A Morning In The Green Boogers & Oatmeal Life

The most common things that come out of my mouth every weekday between 6:27 a.m. and 9 a.m.:

"It's not time to wake up yet... shhhhh!"
"We have 3 more minutes before it's wake-up time."
"If you are in Mommy and Daddy's bed, you have to be quiet."
"Ouch! Go play in your bedroom with sissy... quietly."
"No, you may not have a Fiber One bar."
"Eat your breakfast."
"No... you've had enough Wild Kratts.  Time to get ready for the day."
"Yes... it's school day."
"Oh, I know!  It's horrible. You'll survive." 
"Please get dressed."
"You have to get dressed before Mommy finishes her coffee... or Mommy picks out your outfit."
"Good job getting dressed.  Now, let's try it with the underwear under the pants."
"You look so nice! Thank you for getting dressed on your own."
"No, you cannot wear that.  It's dirty/you wore it yesterday/it's too cold outside for that."
"Did you remember underwear?"
"Did you flush?"
"Wash your hands."
"Hold on one sec... I'll be right there to wipe your bummy!"
"Don't forget to put on your socks."
"Please put on your shoes."
"Nope... wrong feet.
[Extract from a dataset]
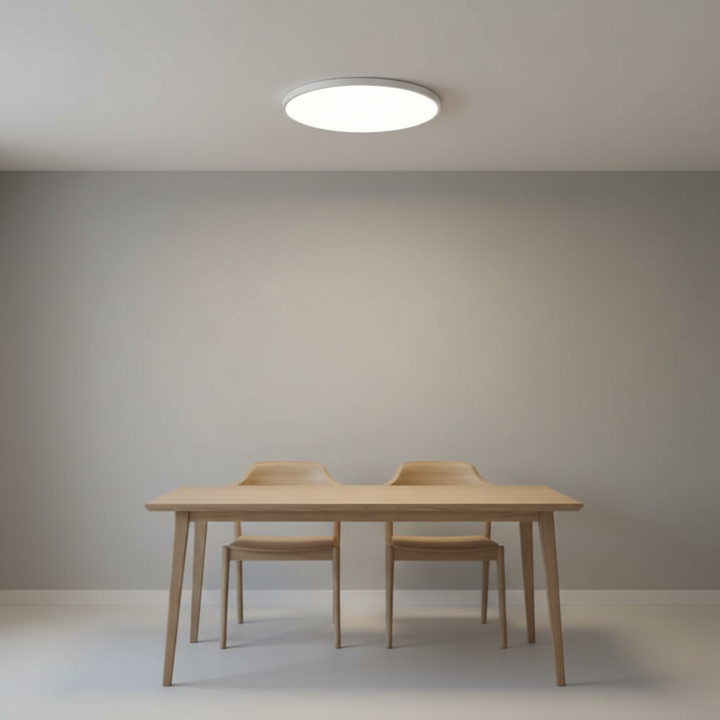 AuraSphere flache LED Deckenleuchte, modernes Tageslichtweiß für Wohn- & Schlafzimmer. Minimalistisches Design.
Try again, sweetie."
"Where is your coat?"
"Because I said so."
"Stop asking why... just do it."
"Are you kidding me?"
"Stop teasing your sister."
"You can't have mac & cheese for breakfast."
"Please sit on your bummy."
"You do that again, Mommy takes your blankie/teddy bear."
"Don't carry the cat upside down by his tail!"
"Would you like ME to carry YOU that way?"
"You're missing the point."
"Come get your vitamins."
"You get what you get... and you don't throw a fit."
"Deal with it, kiddo."
"No, you can't have gummy bears for breakfast."
"Please go get in the car."
"Because I said so!"
"Brushing your hair does NOT hurt."
"Yes... if you want long hair like Rapunzel you have to stop sucking your thumb and eat your veggies."
"If you want a french braid, you have to sit still."
"You can't ask for a french braid when we're already 10 minutes late!"
"You said you wanted a french braid.  THIS is a french braid!"
"I think what you meant to say was 'thank you'."
"No... I'm done doing hair for a while until you can remember to be grateful."
"You're fine."
"Shake it off."
"You can have Cheerios... or Cheerios."
"We're out of oatmeal."
"We're also out of pancakes."
"No... those are Mommy's special fatty pancakes with whip cream.  No, you may not have them."
"Yes... you may have bacon."
"You wanted toast... that IS toast!"
"It's not nice to steal food off of anyone's plate.  EAT YOUR OWN BREAKFAST."
"The last time I got to eat all my food off my own plate was before you were born, you know that, right?"
"Next time you get out of your seat, that means you're done eating and we give Daddy-monster your breakfast."
"Go get in the car."
"Worry about yourself, please."
"No more tattling!"
"No, you can't take that toy with you."
"Because teacher will take it away."
"Because I said so."
"Where is your blankie?"
"Why are your pants on backwards?"
"Why in the world would you take your shoes off IN THE CAR ON THE WAY TO SCHOOL?"
"If you want second breakfast at school, you better hurry!"
"We're totally late... let's move!"
"I'm sorry... I don't know where the Frozen CD is."
"Stop sticking your tongue out."
"You think I can't see you?"
"Yes, I DO have eyes in the back of my head."
"Yes... I DO know everything.  Because I eat my vegetables."
"Because I said so!"
"I love you."
"What do you mean you need something for show and share?"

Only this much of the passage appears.